**Work request**
Copy out the lines of the records below, and only those lines, from the one with "JUSTMINE bikini fascia" through the one with "Knuffeldoekje Konijn Structuur", exactly as they appear.

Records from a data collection
# # #

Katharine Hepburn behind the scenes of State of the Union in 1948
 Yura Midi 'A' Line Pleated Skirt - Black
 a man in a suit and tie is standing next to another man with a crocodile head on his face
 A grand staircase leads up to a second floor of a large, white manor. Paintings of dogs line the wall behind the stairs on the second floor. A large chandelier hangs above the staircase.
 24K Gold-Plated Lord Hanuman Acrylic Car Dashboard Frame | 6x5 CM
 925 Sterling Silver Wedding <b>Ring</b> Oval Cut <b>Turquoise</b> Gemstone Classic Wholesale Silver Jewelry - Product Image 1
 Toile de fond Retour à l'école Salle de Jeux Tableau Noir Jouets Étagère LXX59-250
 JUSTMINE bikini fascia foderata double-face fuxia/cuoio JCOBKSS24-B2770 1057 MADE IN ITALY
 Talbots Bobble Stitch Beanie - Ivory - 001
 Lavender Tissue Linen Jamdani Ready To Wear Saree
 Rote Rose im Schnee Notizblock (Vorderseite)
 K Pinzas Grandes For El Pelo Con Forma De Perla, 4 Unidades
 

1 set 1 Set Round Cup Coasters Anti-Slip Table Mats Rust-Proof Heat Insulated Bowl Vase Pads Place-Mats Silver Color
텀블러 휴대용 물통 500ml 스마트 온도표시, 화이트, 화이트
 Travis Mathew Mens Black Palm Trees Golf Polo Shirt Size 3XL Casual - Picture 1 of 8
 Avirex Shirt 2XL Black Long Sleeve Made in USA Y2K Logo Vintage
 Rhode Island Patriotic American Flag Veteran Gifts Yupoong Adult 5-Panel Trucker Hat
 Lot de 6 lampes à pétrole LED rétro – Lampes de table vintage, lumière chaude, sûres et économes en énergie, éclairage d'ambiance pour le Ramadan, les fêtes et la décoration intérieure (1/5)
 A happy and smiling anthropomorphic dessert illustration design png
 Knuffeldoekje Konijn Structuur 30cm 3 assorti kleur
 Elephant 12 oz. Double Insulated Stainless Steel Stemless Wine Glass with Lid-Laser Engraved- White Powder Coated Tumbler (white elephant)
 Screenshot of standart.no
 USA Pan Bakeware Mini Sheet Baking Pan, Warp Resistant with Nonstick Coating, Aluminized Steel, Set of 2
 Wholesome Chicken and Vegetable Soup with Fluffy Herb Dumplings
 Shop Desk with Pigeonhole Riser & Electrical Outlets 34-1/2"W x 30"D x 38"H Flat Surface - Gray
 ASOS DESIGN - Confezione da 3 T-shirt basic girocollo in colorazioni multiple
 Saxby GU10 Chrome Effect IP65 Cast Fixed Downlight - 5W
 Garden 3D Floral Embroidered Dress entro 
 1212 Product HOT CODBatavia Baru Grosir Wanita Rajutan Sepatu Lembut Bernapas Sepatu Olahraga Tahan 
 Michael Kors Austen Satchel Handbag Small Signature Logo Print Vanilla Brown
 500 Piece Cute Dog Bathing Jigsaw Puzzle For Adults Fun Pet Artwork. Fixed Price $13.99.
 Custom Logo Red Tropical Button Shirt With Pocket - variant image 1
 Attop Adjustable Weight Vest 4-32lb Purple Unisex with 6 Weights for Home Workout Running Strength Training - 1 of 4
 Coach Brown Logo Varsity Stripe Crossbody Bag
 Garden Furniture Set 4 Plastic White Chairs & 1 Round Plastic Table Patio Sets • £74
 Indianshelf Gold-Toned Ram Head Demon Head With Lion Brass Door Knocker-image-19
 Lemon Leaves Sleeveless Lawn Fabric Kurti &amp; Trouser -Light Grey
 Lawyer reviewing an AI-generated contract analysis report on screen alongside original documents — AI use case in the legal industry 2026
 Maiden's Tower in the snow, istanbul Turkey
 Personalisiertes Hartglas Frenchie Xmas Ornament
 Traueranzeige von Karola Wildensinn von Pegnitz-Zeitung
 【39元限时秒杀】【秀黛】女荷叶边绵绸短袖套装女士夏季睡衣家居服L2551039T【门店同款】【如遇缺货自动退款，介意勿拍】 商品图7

# # #

**Written reply**
 JUSTMINE bikini fascia foderata double-face fuxia/cuoio JCOBKSS24-B2770 1057 MADE IN ITALY
 Talbots Bobble Stitch Beanie - Ivory - 001
 Lavender Tissue Linen Jamdani Ready To Wear Saree
 Rote Rose im Schnee Notizblock (Vorderseite)
 K Pinzas Grandes For El Pelo Con Forma De Perla, 4 Unidades
 

1 set 1 Set Round Cup Coasters Anti-Slip Table Mats Rust-Proof Heat Insulated Bowl Vase Pads Place-Mats Silver Color
텀블러 휴대용 물통 500ml 스마트 온도표시, 화이트, 화이트
 Travis Mathew Mens Black Palm Trees Golf Polo Shirt Size 3XL Casual - Picture 1 of 8
 Avirex Shirt 2XL Black Long Sleeve Made in USA Y2K Logo Vintage
 Rhode Island Patriotic American Flag Veteran Gifts Yupoong Adult 5-Panel Trucker Hat
 Lot de 6 lampes à pétrole LED rétro – Lampes de table vintage, lumière chaude, sûres et économes en énergie, éclairage d'ambiance pour le Ramadan, les fêtes et la décoration intérieure (1/5)
 A happy and smiling anthropomorphic dessert illustration design png
 Knuffeldoekje Konijn Structuur 30cm 3 assorti kleur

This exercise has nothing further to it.